The mechanisms presented below are used to ensure the secure use of the AceHub API.

All API requests must be made over HTTPS (TLS 1.2).

A Merchant connecting to the platform is identified by its Business ID (“businessId”). The Merchant can hold a sub-account which is referred to as its Store and identified by its (“storeId”).

You will receive your Business ID from your sales representative.

Basic Authentication

Merchants are able to authenticate on AceHub through the use of HTTP Basic Authentication. A username and a password will be provided and to be used to create the header field “Authorization” in the following way:

1. Combine the username and password into a string separated by a colon, e.g.: "username:password".
2. Base64 encode the resulting string using the RFC2045-MIME variant of Base64, except but not limited to 76 characters/line.
3. Put the word Basic in front of the encoded string.
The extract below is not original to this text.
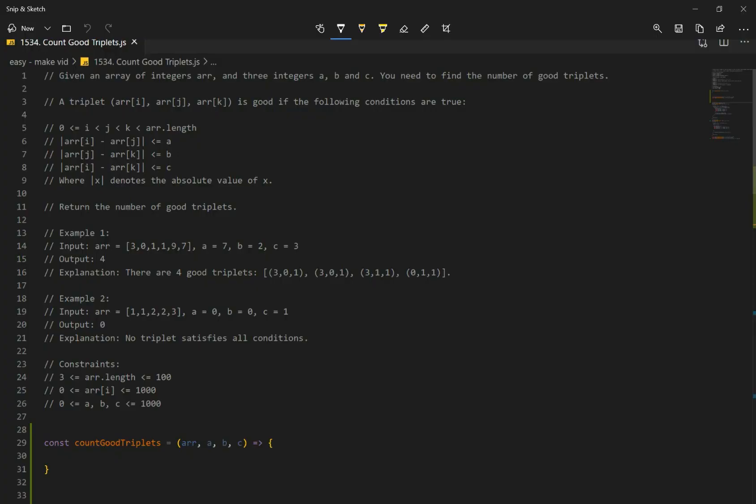Let's go over number 1534, count good triplets. Given an array of integers, so we have an array of integers and three integers a, b, and c. So we're going to be given an array of numbers and a, b, and c, they're all going to be numbers too. You need to find the number of good triplets.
Please note the blank space in the example below.

Example:

Username: Aladdin
Password: OpenSesame
String to be Base64 encoded: Aladdin:OpenSesame
Base64 encoded string: QWxhZGRpbjpPcGVuU2VzYW1l
Authorization header: Basic QWxhZGRpbjpPcGVuU2VzYW1l

Security Ciphers

Supported Ciphers
TLS_ECDHE_RSA_WITH_AES_256_GCM_SHA384
TLS_ECDHE_RSA_WITH_AES_128_GCM_SHA256
TLS_ECDHE_RSA_WITH_AES_256_CBC_SHA
TLS_ECDHE_RSA_WITH_AES_128_CBC_SHA
TLS_ECDHE_RSA_WITH_AES_128_CBC_SHA256
TLS_RSA_WITH_AES_256_GCM_SHA384
TLS_RSA_WITH_AES_256_CBC_SHA256
TLS_RSA_WITH_AES_256_CBC_SHA
TLS_RSA_WITH_AES_128_CBC_SHA

PCI DSS Compliance

Our payment gateway complies with the Payment Card Industry (PCI) Data Security Standard (DSS). This worldwide information security standard is designed to help organization prevent credit card fraud by providing guidelines and controls around card data management.

If merchants are using the server-to-server integration, then they are required to comply with the PCI DSS guidelines.

If merchants want to avoid becoming PCI DSS compliant they should consider using our Checkout solution.